A ideia central, a de que a vida pode ser bela, é simplória como a de que o amor é importante. A maravilha dos versos se deve ao "segundo se sabe" com que se abrem e ao "entre tantas coisas" que precede a qualificação da vida. Eis, de novo, a mágica de componentes secundários da frase – dois, neste caso – tomarem o lugar do principal e o modificarem a ponto de conferir-lhe estatuto de obra de arte. O "segundo se sabe" prepara o espírito para algo já muito repisado, e com isso ameniza a banalidade do que virá a seguir, mas não está aí seu efeito principal. Mais relevante é que se trata de uma expressão marcadamente prosaica, frequente em peças de argumentação, aquelas em que se procura defender um ponto, como um editorial de jornal, uma tese acadêmica ou um arrazoado de advogado. Encontrá-la num poema, a escorar um luminoso momento de encantamento com a vida, produz um contraste da mesma família do palavrão sacado pelo grafiteiro para sublinhar o recado de que o amor é importante.
O "entre tantas coisas" abre ao infinito o leque de feições que pode assumir a vida. Nenhuma surpresa. A vida pode ser bela, mas pode ser muitas outras coisas, feia inclusive. "Vida", como mulher fácil, pode ir com qualquer adjetivo. Mas aí que está. Se a vida pode ser também feia, trágica, cruel, frustrante e dura, além de agradável, surpreendente ou reconfortante, quando nos damos conta de que, "entre tantas coisas", ela pode também ser bela, aí sim é que se torna mais bela ainda. Se Borges tivesse apenas escrito que a vida pode ser bela, que decepção, para um escritor de sua estatura. Seria como se o grafiteiro afirmasse que o amor é importante, e ponto final. Ao escrever que a vida "puede, entre tantas cosas, ser muy bella", ele a torna extraordinariamente bela, ofuscantemente bela.

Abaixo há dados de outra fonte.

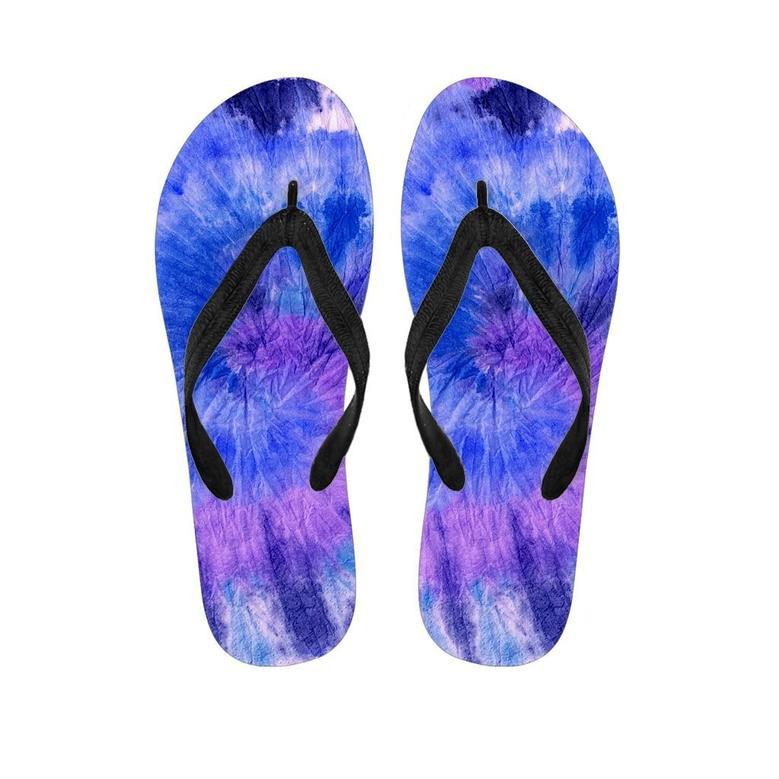 Purple And Blue Tie Dye Men's Flip Flops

Se a frase do grafiteiro é digna de Borges, como aqui se procurou demonstrar, a recíproca é verdadeira. Borges é também digno do grafiteiro. Não. Não dá para imaginar o argentino, spray na mão, a esgueirar-se na noite, em busca do muro mais imaculado para aplicar sua marca, isso não. Mesmo porque enxergava mal e podia acidentar-se. Mas dá para imaginar o "Según se sabe, esta mudable vida…" aplicado a um muro, uma parede, uma beirada de viaduto. O efeito seria o mesmo do "O amor é importante, po". O de uma pausa, uma surpresa e um renovador respiro, em meio à selva da cidade.